POST .../indexing/doc

Uploads a document file and starts indexing. If the file is omitted, the previously stored file is reused.

Request Body: multipart/form-data (file field, optional)

Response: 202 Accepted

{
"message": "Document indexing started"
}

GET .../indexing/doc/file

Downloads the original file used for indexing.

Response: File stream (Content-Disposition: attachment)


Chunks

Directly manages chunks under a Document. Creation, modification, and deletion of chunks are available for MANUAL type documents.

All endpoints are under /knowledges/{kid}/documents/{did}/chunks.

MethodPathDescription
POST/chunksCreate a chunk
GET/chunksList chunks (pagination)
GET/chunks/{id}Get chunk details
PATCH/chunks/{id}Update a chunk
DELETE/chunks/{id}Delete a chunk
DELETE/chunksBulk delete chunks

POST /chunks

Creates a new chunk.

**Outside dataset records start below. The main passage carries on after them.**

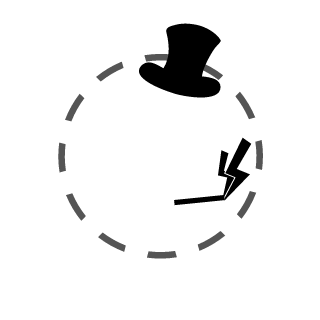 OChilso's emblem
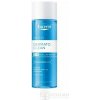 Eucerin DermatoCLEAN HYALURON Micelárna VODA 3v1 citlivá pleť 200 ml Eucerin DermatoCLEAN HYALURON Micelárna VODA 3v1 citlivá pleť 200 ml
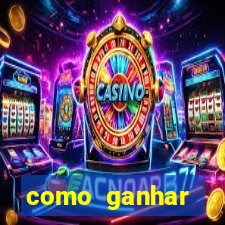 como ganhar dinheiro no jogo do bicho todos os dias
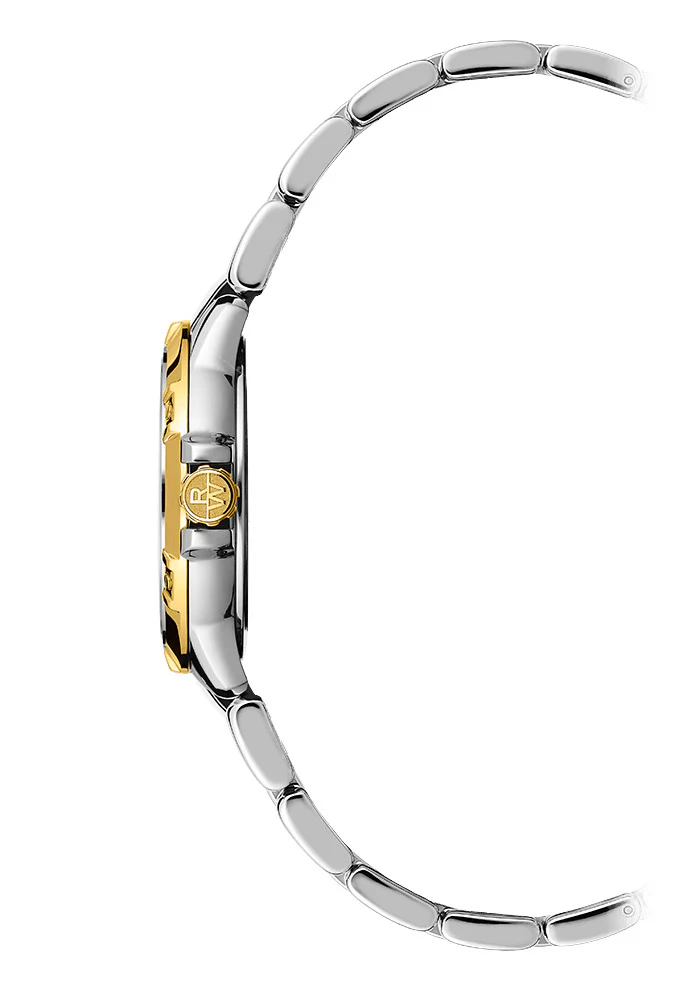 Raymond Weil Tango 5960-STP-00995 naisten rannekello - Image 2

If the VECTOR target is enabled, embeddings are automatically generated.

Request Body

{
"content": "Chunk text content",
"metadata": {"source": "manual", "page": 1}
}

Response

201 Created

{
"id": "550e8400-e29b-41d4-a716-446655440000",
"content": "Chunk text content",
"metadata": {"source": "manual", "page": 1},
"created_at": "2024-06-15T10:30:00Z"
}

GET /chunks

Retrieves a paginated list of chunks.

Query Parameters

ParameterTypeDefaultDescription
pageinteger1Page number (starting from 1)
page_sizeinteger20Items per page (1–100)

Response

200 OK

{
"data": [
{
"id": "550e8400-...",
"type": "TEXT",
"content": "Chunk content...",
"metadata": {},
"storages": ["TEXT", "VECTOR"],
"created_at": "2024-06-15T10:30:00Z",
"updated_at": null
}
],
"meta": {
"total": 42,
"page": 1,
"page_size": 20,
"total_pages": 3
}
}

PATCH /chunks/{id}

Updates the content or metadata of an existing chunk. If the content is changed, embeddings are regenerated.

Request Body

{
"content": "Updated chunk content",
"metadata": {"reviewed": true}
}

Settings

Manages global settings for the Knowledge Builder service.

MethodPathDescription
GET/settings/defaultsGet default processing options
PUT/settings/defaultsUpdate default processing options
GET/settings/embedding-modelCurrent embedding model info
GET/settings/embedding-modelsAvailable embedding model list

GET /settings/embedding-model

Retrieves detailed information about the currently configured embedding model.

Response

200 OK

{
"model_name": "BAAI/bge-m3",
"model_version": null,
"dimensions": 1024,
"max_tokens": 8192
}

GET /settings/embedding-models

Retrieves all available embedding models.

Response

200 OK

{
"models": [
{
"id": "BAAI/bge-m3",
"name": "BAAI/bge-m3",
"provider": "local",
"dimensions": 1024,
"max_tokens": 8192,
"supports_image": false,
"is_default": true
}
]
}

System

GET /system/health

Checks the health of the Knowledge Builder service.

Response

200 OK

{
"status": "healthy",
"timestamp": "2024-06-15T10:30:00Z",
"components": {}
}

Usage Examples

cURL

# Search within a Knowledge
curl -X POST https://api.dhub.io/api/v1/knowledger/knowledges/knowledge-abc123/search \
-H "Authorization: Bearer <access_token>" \
-H "Content-Type: application/json" \
-d '{
"query": "How to configure data pipelines",
"search_mode": "HYBRID",
"top_k": 5
}'

# Start document file indexing
curl -X POST https://api.dhub.io/api/v1/knowledger/knowledges/knowledge-abc123/documents/doc-xyz/indexing/doc \
-H "Authorization: Bearer <access_token>" \
-F "file=@guide.pdf"

# List chunks
curl "https://api.dhub.io/api/v1/knowledger/knowledges/knowledge-abc123/documents/doc-xyz/chunks?page=1&page_size=20" \
-H "Authorization: Bearer <access_token>"

# Create a manual chunk
curl -X POST https://api.dhub.io/api/v1/knowledger/knowledges/knowledge-abc123/documents/doc-xyz/chunks \
-H "Authorization: Bearer <access_token>" \
-H "Content-Type: application/json" \
-d '{
"content": "This is manually added chunk content.",
"metadata": {"source": "manual"}
}'

# List embedding models
curl https://api.dhub.io/api/v1/knowledger/settings/embedding-models \
-H "Authorization: Bearer <access_token>"
Relationship with Manager API

Knowledge and Document metadata (name, tags, etc.) is managed by the Manager through the Knowledge API. Knowledge Builder handles only AI/RAG-related features such as indexing, chunks, and search.